States Scale Back RPS’s As Senate Ramps Up RES Efforts

Joanna Schroeder

As several senators make one last push for a federal Renewable Electricity Standard (RES) to be enacted before the close of the 111th Congress, several states are considering scaling back their current Renewable Energy Portfolios (RPS). At the federal level, groups such as the bipartisan Governors’ Wind Energy Coalition cite an RES as a way to give the country an economic jolt and regain a leadership role in development and manufacturing. At the state level, organizations against the RES support moves to scale back renewable efforts claiming that the economic cost of moving to wind, solar and biomass will in fact cause more economic turmoil, not economic prosperity.

An increase in the debate regarding a federal RES has come from two sources. Last Monday the Governors’ Wind Energy Coalition sent a letter to Senate Democratic and Republican leaders saying, “A strong RES is the most economically-efficient way to advance clean domestic energy and immediately create jobs in renewable energy manufacturing, construction of new projects and associated transmission, and ongoing operation and maintenance of these facilities.”

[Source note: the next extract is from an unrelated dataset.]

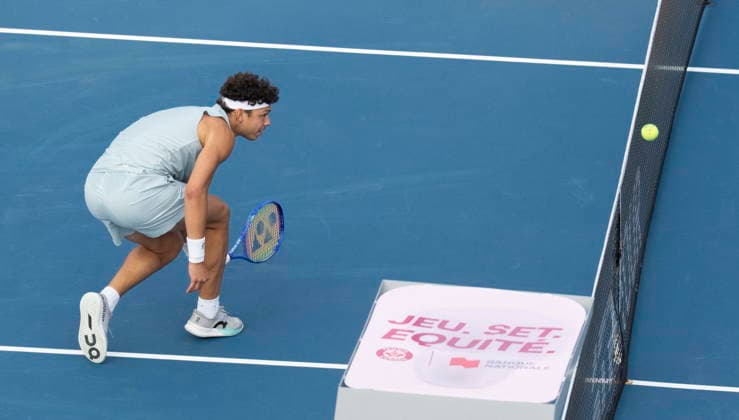 August 9, 2026, Montreal, Pq, Canada: Ben Shelton of the United States hits a return over the net to Joao Fonseca of Brazil during Round of 16 tennis action at the National Bank Open in Montreal on Sunday, Aug. 9, 2026. Canada News - August 9, 2026  - ZUMAc35_ 20260809_zaf_c35_095 Copyright: xChristinnexMuschix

The letter was addressed by Govs. Chet Culver (D-Iowa) and Don Carcieri (R-RI), who lead the Governors’ Wind Coalition and early this year released a report detailing wind opportunities throughout the country.

The letter continued, “We wish to work with you and with the Administration to help shape federal energy legislation this year. The economic stakes are high for our states, and we see a narrow window of opportunity for Congress to enact a long overdue reworking of federal laws governing renewable energy.”

The letter was followed up by a press conference yesterday held by several bi-partisan senators who introduced a Renewable Electricity Standard (RES) bill. One of the most vocal proponents is Senator Sam Brownback (R-Kan.) who has been pushing for this standard to generate jobs while asking for no cap-and-trade elements to be added to the bill. The fear according to Brownback is that cap-and-trade strategies would be to expensive for businesses to take on during an economic recession, especially considering they do little to stave off global warming.

Brownback is joined by bill sponsor Senator Jeff Bingaman (D-N.M.) and Senators Byron Dorgan (D-N.D.), Susan Collins (R-Maine) and Tom Udall (D-N.M.) are also supporting the bill.

In a statement Brownback made this past July he said, “As we begin consideration of comprehensive energy legislation, it’s essential we include ideas that will help drive our national energy production in the direction of more clean, renewable energy. The RES title passed out of the Energy Committee requires by 2020 that 15% of our country’s energy be produced using agreed upon forms of renewable energy, such as wind, solar, and biomass. Under this proposal, utilities are allowed to meet up to 4% of the requirement through energy efficiency.”

So while the pressure is on in D.C to pass the RES, the pressure is on in California and Connecticut to dump their RPS’s. Dozens of organizations that have a stake in traditional forms of energy have joined together to back Prop 23 in California that would halt the development of clean technologies (including wind, solar and biomass) until unemployment is in control. They argue that the cost is so high, they will have to cut jobs to meet financial demands. By doing this, both the states RPS and Low Carbon Standard policies would be in jeopardy. Supporters of the RPS argue that jobs will actually be created due to increased research, development and manufacturing of the new technologies.

In Connecticut, where the current policy requires 27 percent of energy must come from renewables by 2020, the state is being crippled by high energy prices. As more wind and solar are added to the grid, at a higher cost per kilowatt than coal, nuclear or natural gas, the state fears energy costs will rise even higher.

So what does this movement mean? Are the states’ efforts merely a short-term fix to a long-term economic problem designed to give cash strapped consumers a break? Or are these efforts more symptomatic of a bigger problem, one that will reverse the trend away from renewables and back to fossil fuels?